Remember to answer correctly and note the corresponding number. When you're done, add up all your points. You have type I skin if your total points are between 0 and 7. Points from 8 to 16 indicate that your skin is in the type II category; 17 to 25 is type III, 26 to 30 is type IV, and the points above 30 indicate skin in the type V and VI categories. Now you know your type, yay!

While certain phototypes might be more common in some races or ethnicities than others, the skin-typing scale does not conflate skin type with race. So, for example, while many people of African descent may have type V or VI skin, many light-skinned and albinic people have skin belonging to other phototypes on the scale. 

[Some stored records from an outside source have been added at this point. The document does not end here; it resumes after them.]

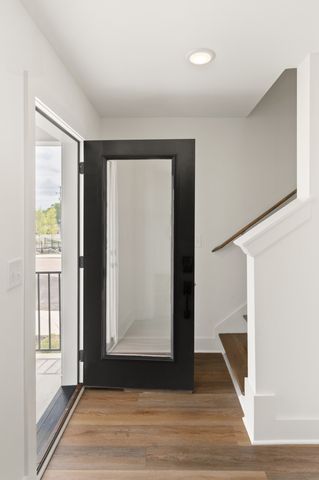 3346 Conviser Dr, Nashville, TN 37207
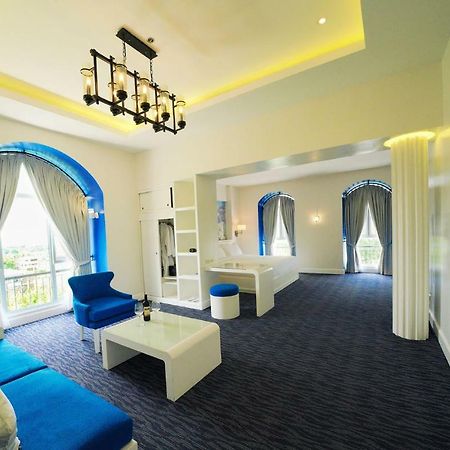 Hotel Carlito Tagaytay Tagaytay City Exteriör bild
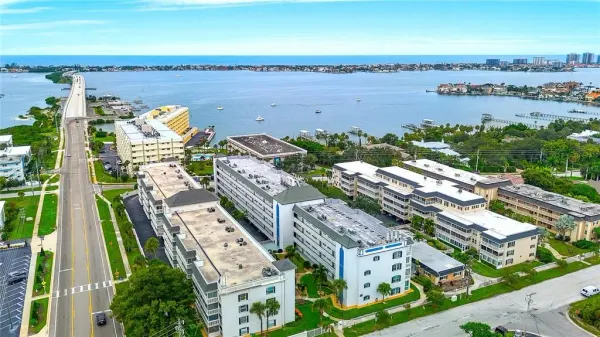 131 Bluff View Drive, Unit 109, Belleair Bluffs, FL, 33770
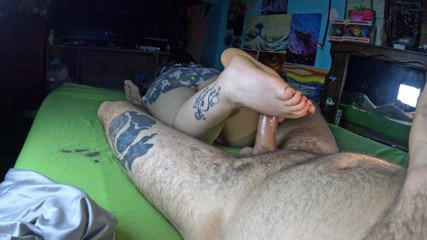 orange toe flower footjob toes covered in cum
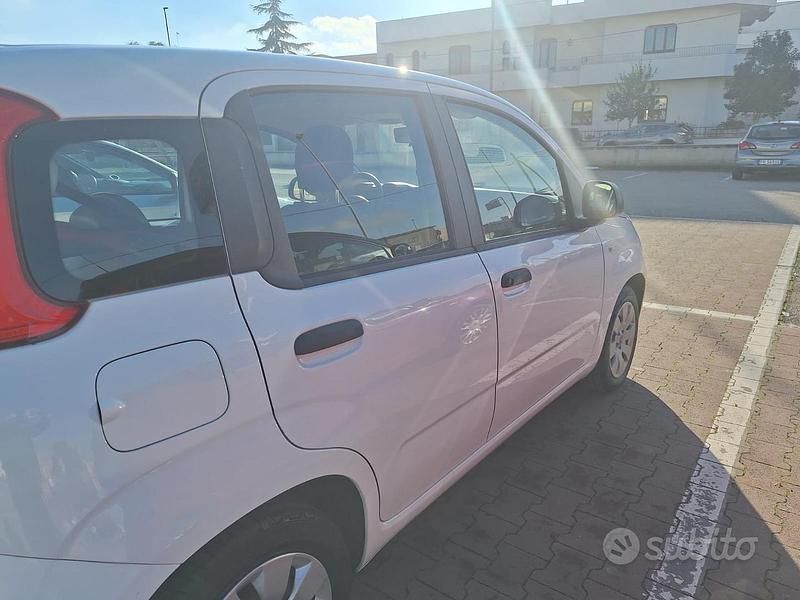 Usata Fiat Panda Lounge 69 CV (50 kW) 2013 Bianco Utilitaria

What do the phototypes reveal about my skin?

By helping us identify precancerous and cancerous sunspots on our skin, the Fitzpatrick scale also helps resolve which skin phototypes have the highest risk of skin cancer. For instance, if you just finished the phototype determining test and found that you have type I skin, you are at much higher risk of developing skin cancers than other phototypes. It's the same with premature aging, as type I skin will find themselves more prone to the photoaging effects of the sun, like fine lines and wrinkles. However, this does not mean other skin types are exempt from paying attention to and protecting their skin from the sun by applying sunscreen and seeking shade during the hottest hours of the day.


If you have type V and VI skin, you might want to be more attentive to where you're getting laser therapy done. While type I and II skin have little cause for concern regarding laser side effects like hyperpigmentation, type V and VI skin must be cautious as there's a higher risk for post-laser hyperpigmentation and the formation of keloids.

Apart from the help it offers dermatologists caring for your skin, knowing your phototype can improve your skincare routine. With your phototype, you'll better understand what sunscreens, depigmenting ingredients, and antioxidants work best for your skin tone. And finally, everyone needs sunscreen, whether you have type I or type VI skin.